If we were to disable the normalization feature, while providing a non-normalized URL, the results would be off:
{
protocols: [],
protocol: 'file',
port: null,
resource: '',
user: '',
pathname: 'stackabuse.com:3000/path/to/index.html',
hash: 'anchor',
search: '',
href: 'stackabuse.com:3000/path/to/index.html#anchor',
query: [Object: null prototype] {}
}
Note: If you set normalize
to true
and supply an already-normalized URL, nothing really happens, and it's parsed correctly.
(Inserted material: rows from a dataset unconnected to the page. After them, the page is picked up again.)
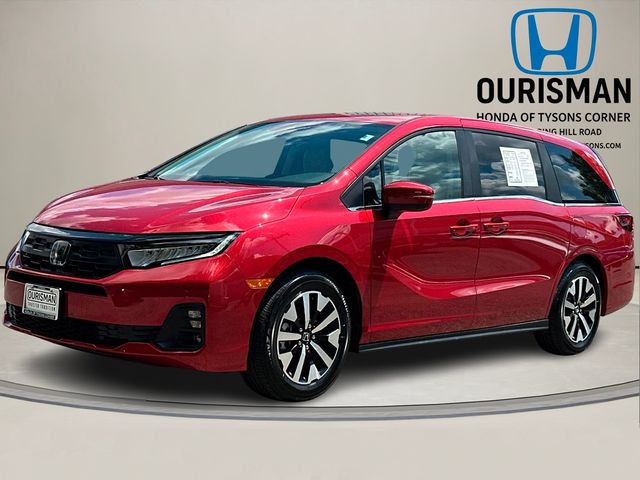 2025 Honda Odyssey EX-L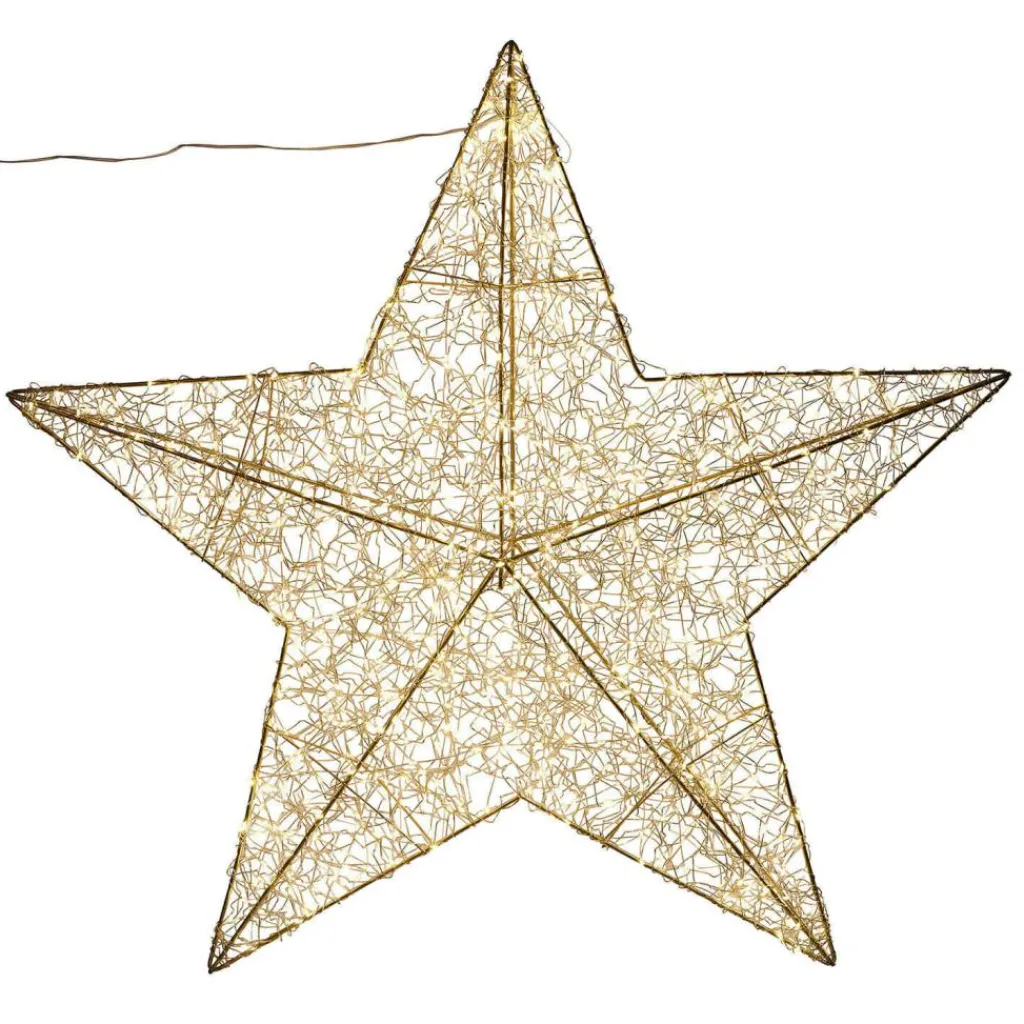 LOBERON Accessoires Lumineux|Décorations Lumineuses*Étoile à LED Vivetelle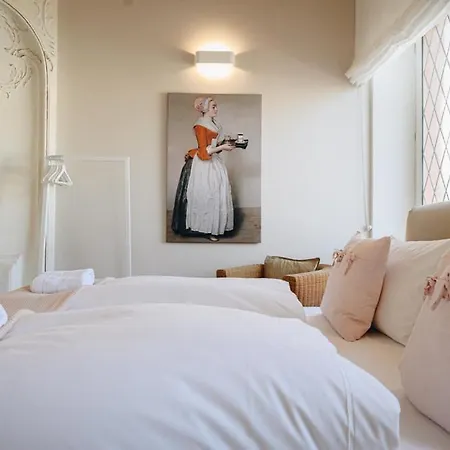 Hotel Boutiquehotel Kloster Pfalzel Trèves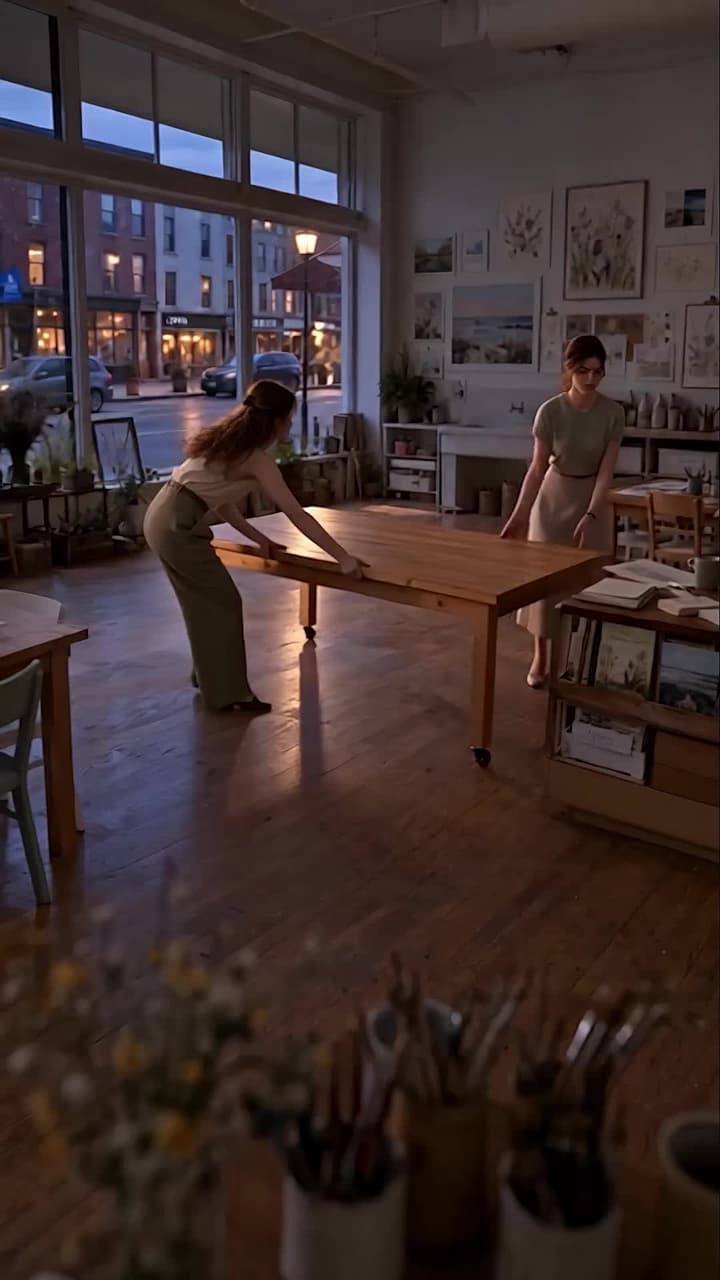 Our Forever Ended at Eighteen - Episode 71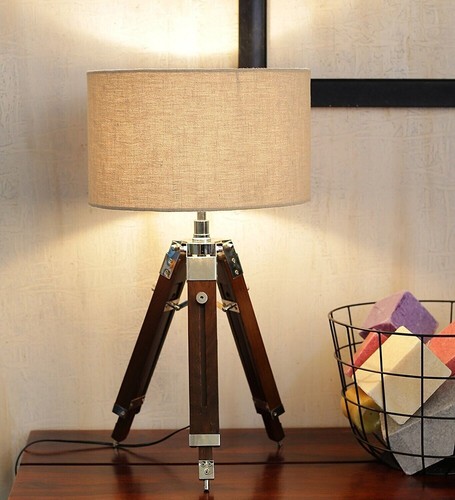 Tripod floor lamp - floor,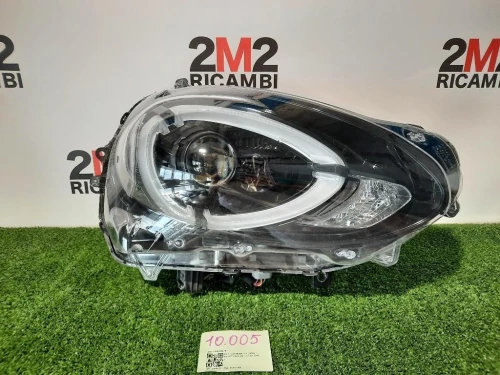 Proiettore ANT DX 6000636478 Fiat 124 Spider II 2016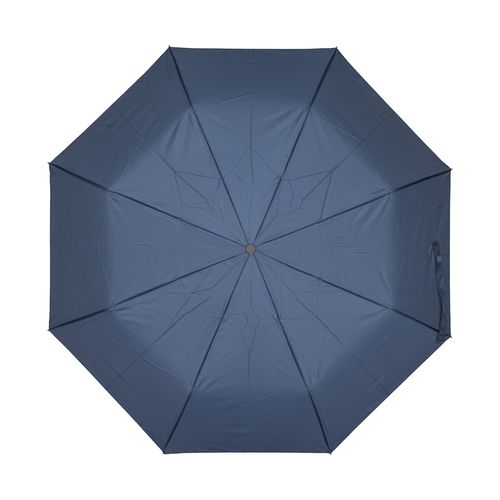190T polyester folding umbrella with automatic opening, color-matched case 190T polyester folding umbrella with automatic opening, color-matched case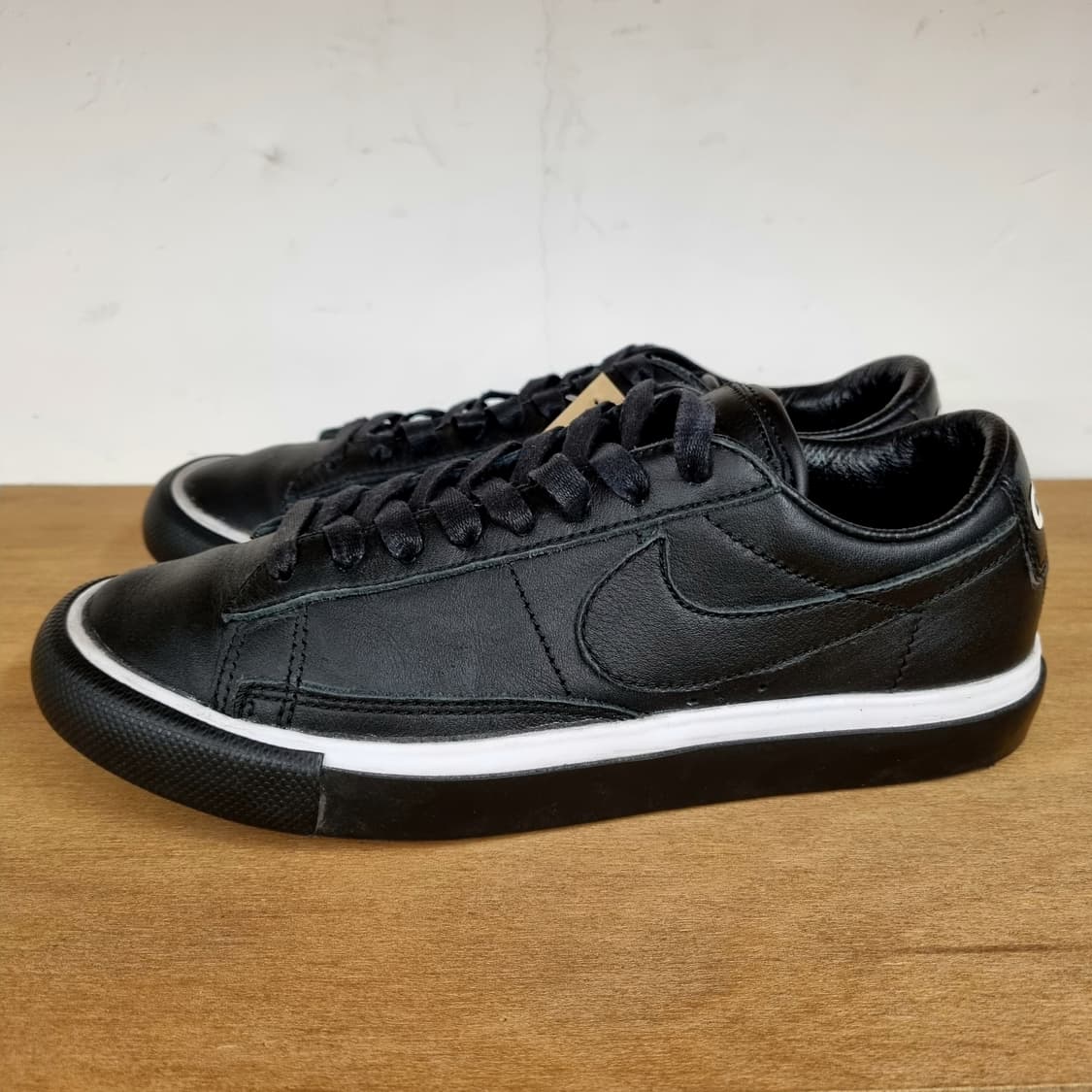 2015 나이키 x CDG 블레이저 로우 상품이미지3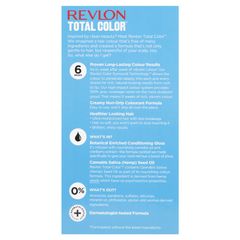 Revlon Total Color Burgundy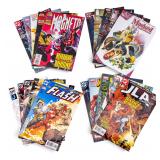 Marvel and DC Comic Books, Others (20 pcs)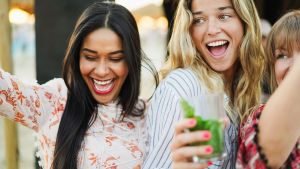 Event: Holiday Warm-Up Social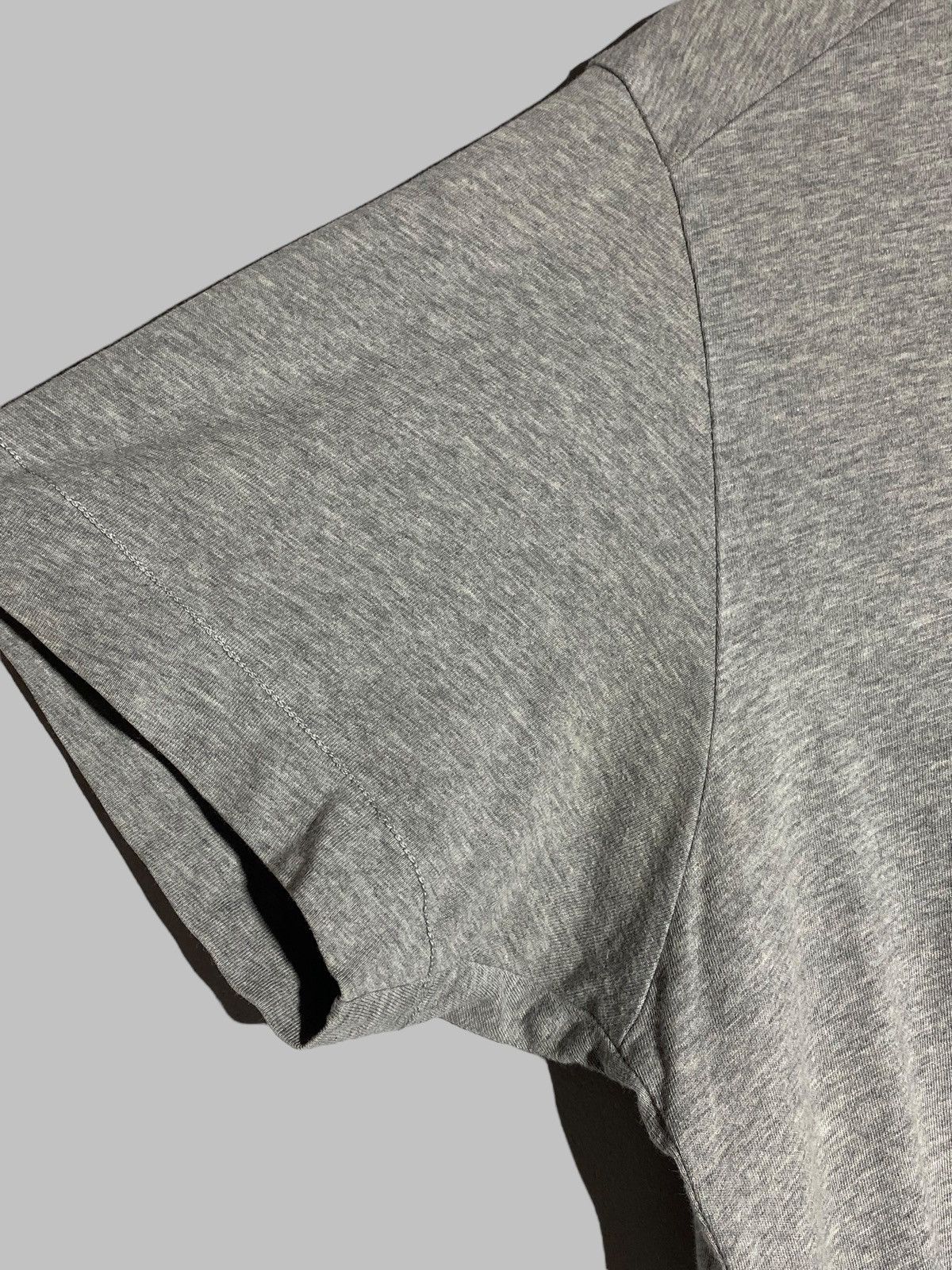 Stone Island STONE ISLAND PATCH TEE GREY ITALIAN STREETWEAR HEAT Size US S / EU 44-46 / 1 - 6 Thumbnail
Given this - you'll typically want to set the parameter to true.
Since parsedUrl
is an object, its properties can be changed. We can simply access any property and change it:
console.log(parsedUrl.port) // 3000
parsedUrl.port = 4000
console.log(parsedUrl.port) // 4000
However, this is not the desired behavior and shouldn't be done, since this module is used solely to parse the URLs. The only time you should alter the parsedUrl
object like this is when you are confident in the value of some property, otherwise, you might be shooting yourself in the leg.
Conclusion
We've seen parse-url
lets us pretty easily parse URLs without any additional processing, and makes the process of parsing URLs extremely simple and readable.
It splits everything up as desired and creates an parsedUrl
object that can be accessed just like any other object, as well as changed. The module is as simple as they come, with a neat output and syntax and as straightforward as possible, resulting in quick and precise results.